But whilst, as we think we have shown, there is danger lest too absolute an immunity from common calls should leave a poet without that proper amount of severe drilling and varied experience which are so inestimably valuable, and which makes of him the too secure recluse that Wordsworth remained throughout his life, let it not be supposed that we are dead to that still more terrible, more frequent, and more fatal peril that besets the child of the muses who is for ever tormented by what Mr. Disraeli has so admirably described as "that ignoble melancholy which springs from pecuniary embarrassment," and who is compelled or betrayed into a continuance of uncongenial pursuits in order to earn his daily bread. Then indeed the hand becomes subdued to what it works in, and he who was once a Son of the Morning sinks into everlasting night, or worse, into that scarce perceptible twilight which is the purgatory of the mediocre.

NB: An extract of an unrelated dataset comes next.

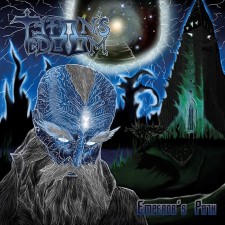 Tyfon'S Doom - Emperor'S Path (Cd)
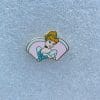 Cinderella 'Cinderella Princess' Enamel Pin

We cannot, therefore, consider Wordsworth fortunate in those legacies which he felt to be so timely; and the mischief of too much leisure, too much solitude, and too much oneness of occupation, is abundantly apparent in his works. He thus became, as we say again for it is the key to what is good and what is worthless in his compositions, and explains the feeling with which he is regarded by most readers-all poet, and wrote page after page of innocuous, but often intolerable, stuff, and-what is still more amazing-printed it. Therefore was it that he inflicted upon the world scores of stanzas, in no one respect better, for instance, than the following:

"His fate was pitied. Him in iron case
(Reader, forgive the intolerable thought)
They hung not; no one on his form or face
Could gaze, as on a show by idlers sought;
No kindred sufferer to his death-place brought
By lawless curiosity or chance,

When into storm the evening sky is wrought,
Upon his swinging corse an eye can glance,

And drop, as he once dropped, in miserable glance."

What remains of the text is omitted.